Pero pronto el sucesor
de Benedicto XVI aclaró que la razón de su nuevo nombre estaba en relación, no
con este Francisco, sino al de Asís. Advirtió también que quería una Iglesia
pobre y, para estimular la necesidad del desprendimiento, fue el primero en dar
ejemplo: usando una cruz pectoral y un anillo de plata, en vez de oro como el
que usaron sus predecesores; cambiando el apartamento pontificio por un cuarto
en la casa de S. Marta; sustituyendo la limusina papal por un coche utilitario;
prescindiendo de la residencia de verano de los papas, en Castel Gandolfo, etc.
¿En el contexto de una
iglesia pobre y para los pobres, no sería más lógico que se suprimiese la
dignidad cardenalicia, cuyas honras principescas parecen chocar con la pobreza
evangélica que el Papa quiere para sí y para todos sus colaboradores,
comenzando por los más próximos? Siendo el colegio cardenalicio de origen eclesiástico,
nada se opone a su eventual eliminación, que no podría realizarse, quizá, si fuese
de institución divina, como es, por ejemplo, el episcopado.
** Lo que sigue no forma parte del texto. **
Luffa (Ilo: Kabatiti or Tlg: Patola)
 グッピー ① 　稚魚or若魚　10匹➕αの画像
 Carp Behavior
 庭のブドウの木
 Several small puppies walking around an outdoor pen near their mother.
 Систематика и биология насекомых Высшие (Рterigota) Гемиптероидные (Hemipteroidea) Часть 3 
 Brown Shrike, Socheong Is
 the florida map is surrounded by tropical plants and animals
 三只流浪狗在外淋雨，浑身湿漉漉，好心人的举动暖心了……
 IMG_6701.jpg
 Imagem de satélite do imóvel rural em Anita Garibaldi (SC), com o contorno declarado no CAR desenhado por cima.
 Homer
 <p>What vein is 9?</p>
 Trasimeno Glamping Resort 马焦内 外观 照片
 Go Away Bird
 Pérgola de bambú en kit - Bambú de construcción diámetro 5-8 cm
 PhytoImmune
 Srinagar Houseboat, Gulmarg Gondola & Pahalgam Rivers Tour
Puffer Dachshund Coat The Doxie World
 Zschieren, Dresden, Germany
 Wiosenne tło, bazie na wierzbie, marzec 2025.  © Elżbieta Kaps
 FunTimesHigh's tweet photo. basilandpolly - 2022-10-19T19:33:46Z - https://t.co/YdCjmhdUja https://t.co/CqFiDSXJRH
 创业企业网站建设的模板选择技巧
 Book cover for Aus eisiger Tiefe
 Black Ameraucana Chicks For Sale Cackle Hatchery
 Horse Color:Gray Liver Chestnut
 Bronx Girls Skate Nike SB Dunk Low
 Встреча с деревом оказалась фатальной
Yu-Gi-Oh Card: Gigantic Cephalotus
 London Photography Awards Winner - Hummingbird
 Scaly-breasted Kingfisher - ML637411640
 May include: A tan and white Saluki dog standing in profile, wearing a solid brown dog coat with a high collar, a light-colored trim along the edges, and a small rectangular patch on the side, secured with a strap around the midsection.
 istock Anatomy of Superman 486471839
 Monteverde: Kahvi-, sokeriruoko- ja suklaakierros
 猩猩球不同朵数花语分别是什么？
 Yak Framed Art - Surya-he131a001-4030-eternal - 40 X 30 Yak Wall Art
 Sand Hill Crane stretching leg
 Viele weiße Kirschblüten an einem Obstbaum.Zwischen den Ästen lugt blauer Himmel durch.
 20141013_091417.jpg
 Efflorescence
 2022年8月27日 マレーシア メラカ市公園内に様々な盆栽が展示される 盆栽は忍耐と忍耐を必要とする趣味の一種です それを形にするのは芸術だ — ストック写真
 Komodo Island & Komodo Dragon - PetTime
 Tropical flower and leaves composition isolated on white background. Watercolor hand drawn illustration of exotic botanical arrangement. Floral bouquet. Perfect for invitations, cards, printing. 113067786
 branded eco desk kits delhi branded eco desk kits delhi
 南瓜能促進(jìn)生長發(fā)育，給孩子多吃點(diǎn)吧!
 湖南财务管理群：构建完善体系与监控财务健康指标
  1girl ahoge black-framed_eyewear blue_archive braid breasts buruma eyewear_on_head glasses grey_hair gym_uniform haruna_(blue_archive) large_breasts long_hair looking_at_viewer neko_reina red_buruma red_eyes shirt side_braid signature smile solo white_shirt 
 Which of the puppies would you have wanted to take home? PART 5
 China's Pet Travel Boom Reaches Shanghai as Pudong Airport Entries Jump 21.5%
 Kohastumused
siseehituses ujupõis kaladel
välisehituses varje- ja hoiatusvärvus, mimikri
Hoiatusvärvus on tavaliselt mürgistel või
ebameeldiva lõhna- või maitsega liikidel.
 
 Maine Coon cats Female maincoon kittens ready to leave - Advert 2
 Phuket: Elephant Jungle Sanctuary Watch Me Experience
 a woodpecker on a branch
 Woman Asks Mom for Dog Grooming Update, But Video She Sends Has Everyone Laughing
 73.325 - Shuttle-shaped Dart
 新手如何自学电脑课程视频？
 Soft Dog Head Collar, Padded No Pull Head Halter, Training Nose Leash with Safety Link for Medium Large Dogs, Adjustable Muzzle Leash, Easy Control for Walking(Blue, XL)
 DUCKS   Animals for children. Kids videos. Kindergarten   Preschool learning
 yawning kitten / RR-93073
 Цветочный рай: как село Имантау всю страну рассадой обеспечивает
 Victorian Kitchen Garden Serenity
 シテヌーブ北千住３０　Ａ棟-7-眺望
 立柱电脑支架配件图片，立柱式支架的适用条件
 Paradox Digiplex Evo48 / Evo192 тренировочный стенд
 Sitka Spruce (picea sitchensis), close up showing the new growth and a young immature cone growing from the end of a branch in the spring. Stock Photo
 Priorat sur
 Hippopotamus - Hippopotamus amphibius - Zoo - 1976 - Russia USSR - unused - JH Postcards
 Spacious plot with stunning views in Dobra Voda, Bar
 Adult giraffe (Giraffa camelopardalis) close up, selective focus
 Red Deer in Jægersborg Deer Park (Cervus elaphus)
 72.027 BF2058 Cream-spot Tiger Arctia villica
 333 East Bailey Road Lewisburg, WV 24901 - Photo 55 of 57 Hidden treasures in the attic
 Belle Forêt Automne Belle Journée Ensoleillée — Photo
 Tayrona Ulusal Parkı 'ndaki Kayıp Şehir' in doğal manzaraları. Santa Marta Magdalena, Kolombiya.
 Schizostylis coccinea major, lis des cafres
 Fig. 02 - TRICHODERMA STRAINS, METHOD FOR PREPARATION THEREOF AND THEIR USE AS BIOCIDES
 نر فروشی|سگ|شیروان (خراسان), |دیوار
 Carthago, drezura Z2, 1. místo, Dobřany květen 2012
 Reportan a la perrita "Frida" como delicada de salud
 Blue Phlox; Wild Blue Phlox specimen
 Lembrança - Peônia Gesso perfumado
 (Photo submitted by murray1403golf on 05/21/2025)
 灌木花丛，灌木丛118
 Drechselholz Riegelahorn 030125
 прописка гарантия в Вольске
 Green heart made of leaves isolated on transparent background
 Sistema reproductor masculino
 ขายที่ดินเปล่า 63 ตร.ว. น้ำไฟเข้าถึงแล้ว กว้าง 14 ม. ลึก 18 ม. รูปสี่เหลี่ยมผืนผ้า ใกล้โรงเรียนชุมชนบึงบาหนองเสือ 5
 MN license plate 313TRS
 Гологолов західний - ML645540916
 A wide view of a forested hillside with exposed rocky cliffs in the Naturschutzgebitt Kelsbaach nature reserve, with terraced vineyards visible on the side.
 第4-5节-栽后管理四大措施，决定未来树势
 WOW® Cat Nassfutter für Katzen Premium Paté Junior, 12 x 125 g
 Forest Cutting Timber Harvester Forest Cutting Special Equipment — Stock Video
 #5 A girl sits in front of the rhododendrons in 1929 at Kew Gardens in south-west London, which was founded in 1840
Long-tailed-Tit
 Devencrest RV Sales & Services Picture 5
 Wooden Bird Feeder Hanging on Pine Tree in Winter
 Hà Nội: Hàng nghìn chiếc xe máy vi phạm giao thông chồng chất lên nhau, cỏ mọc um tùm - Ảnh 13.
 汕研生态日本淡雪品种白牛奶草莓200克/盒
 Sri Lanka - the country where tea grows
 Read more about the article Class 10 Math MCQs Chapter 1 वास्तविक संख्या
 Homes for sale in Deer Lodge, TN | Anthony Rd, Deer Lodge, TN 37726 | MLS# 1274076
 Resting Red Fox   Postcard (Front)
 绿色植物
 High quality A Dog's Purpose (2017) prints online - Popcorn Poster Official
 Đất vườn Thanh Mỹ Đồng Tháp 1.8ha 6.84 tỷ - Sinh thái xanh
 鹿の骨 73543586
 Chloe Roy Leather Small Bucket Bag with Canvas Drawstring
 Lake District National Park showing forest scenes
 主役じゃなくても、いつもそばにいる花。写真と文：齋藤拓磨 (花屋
Por tanto, de la
misma forma como la iglesia entiende que no puede aceptar la ordenación de
mujeres, porque para tal no está autorizada por su divino Maestro, del mismo
modo debería entender que no se justifica la dignidad cardenalicia, que tampoco
tiene fundamento evangélico.
Si es saludable que
todos los ministros ordenados, sean ellos diáconos, padres u obispos, imiten la
vida pobre, casta y obediente de Cristo, también conviene que los cardenales
procuren seguir el mismo ejemplo. No siempre fue así –piénsese por ejemplo, en los
cardenales Richelieu y Mazarino –pero hace mucho que, gracias a Dios, las
pompas y honores mundanos de que se
rodeaban esos príncipes de la Iglesia dieron paso a un ejercicio más sobrio y
evangélico de su dignidad. Pero proceder a su extinción no estaría justificaría,
no sólo porque obligaría a una revisión del procedimiento previsto para la
elección del sucesor de San Pedro, ahora
elegido por los purpurados con menos de ochenta años, sino también porque sería
perjudicial para la colegialidad de la Iglesia. La colaboración de los obispos
en el gobierno eclesial universal ocurre por vía de los concilios ecuménicos y
de los sínodos pero, como estos eventos tienen carácter extraordinario, es
sobre todo a través de la participación habitual de los cardenales en los
diversos departamentos de gobierno central de la Iglesia como se asegura la
colegialidad.
El Papa Francisco, al
universalizar el colegio cardenalicio, ha procurado garantizar su
representatividad. Al nombrar cardenales a algunos obispos de diócesis periféricas
y de menos recursos, en detrimento de los provenientes de sedes episcopales a
que tradicionalmente estaba asimilada la púrpura, el obispo de Roma promueve el
regreso a la sencillez y pobreza evangélicas del sacro colegio, al mismo tiempo
que valora las cualidades personales de los obispos que eleva a la condición de
sus más próximos consejeros y colaboradores en la pastoral de la Iglesia católica.
En este sentido, la
elección del patriarca de Lisboa se justifica plenamente, no tanto por el
antiguo privilegio de la mitra olisiponense, sino por los méritos pastorales –es
obispo de Lisboa después de haberlo sido de Oporto, las dos ciudades más
importantes portuguesas- y personales –recuérdese que, entre otras muchas
distinciones ganó el premio Pessoa- que dan testimonio de la excepcional valía
eclesial e intelectual del ahora nuevo cardenal.
En realidad, no sólo el
titular de la sede lisbonense, o la archidiócesis de la capital, o la Iglesia
portuguesa están de enhorabuena, sino todo el país. Este reconocimiento papal
de los méritos del presidente de la Conferencia episcopal portuguesa y
patriarca de Lisboa es una gran honra para Portugal.